Stéphane Mallarmé reçut, en 1892, l’hommage du premier poème symphonique écrit par Debussy : le Prélude à l’après-midi d’un Faune, inspiré d’un poème ancien déjà, car il fut écrit en 1876, pour Coquelin ainé.

Arcane tel élut pour confident
Le jonc vaste et jumeau dont sous l’azur on joue,
Qui, détournant à soi le trouble de la joue,
Rêve dans un solo long que nous amusions
La beauté d’alentour par des confusions
Fausses entre elle-même et notre chant crédule.

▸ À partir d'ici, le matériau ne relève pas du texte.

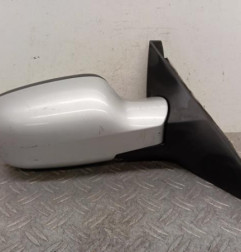 Retroviseur droit RENAULT SCENIC 2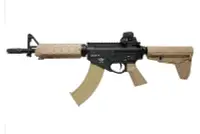 在飛比找Yahoo!奇摩拍賣優惠-台南 武星級 BOLT AK47 ELITE SD EBB 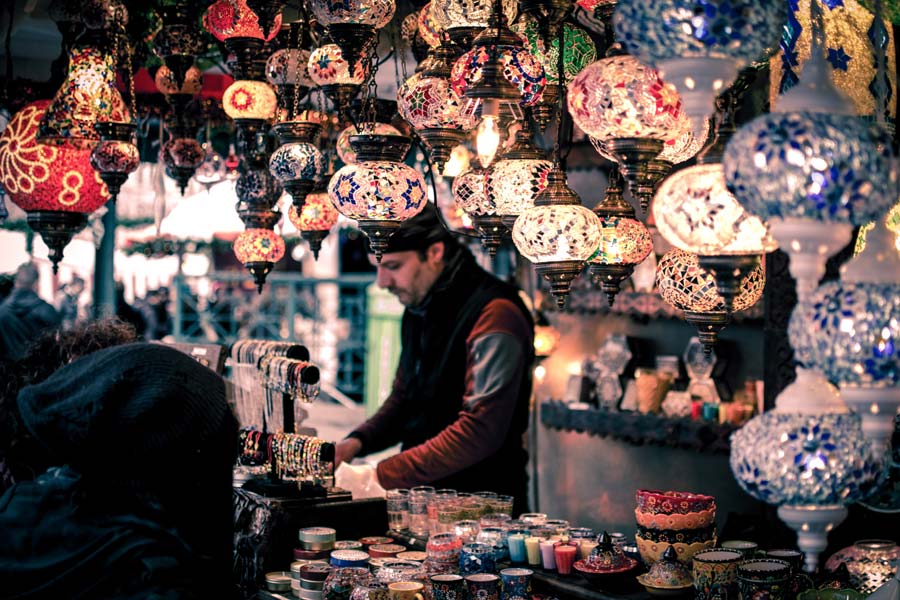 wei pan 128228 unsplash
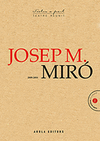 JOSEP MARIA MIRO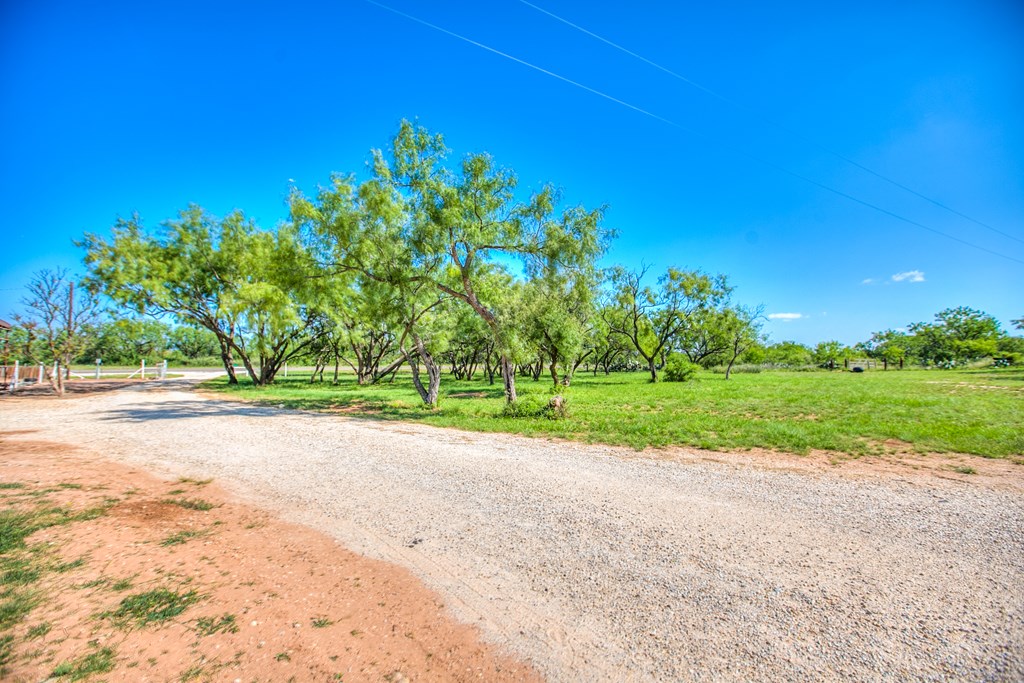 9301 W Hwy 158 Property Photo 46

Cet appel à la musique fut entendu : avant les vers savants de l’églogue, une flûte réelle éleva la plainte de son désir. Par une alliance bienfaisante, le musicien, au lieu d’attacher un chant aux syllabes du poète, n’en voulut retenir que le sentiment, pour le traduire à sa manière, et ainsi préparer l’esprit aux subtilités verbales. La musique prit donc sur soi d’éclaircir le poème, contrairement aux aphorismes de Mallarmé, pour qui « la musique sans les lettres se présente comme très subtil nuage ; elles, une monnaie si courante » ; ou encore son charme est « vain, si le langage, par la retrempe et l’essor purifiant du chant, n’y confère un sens ».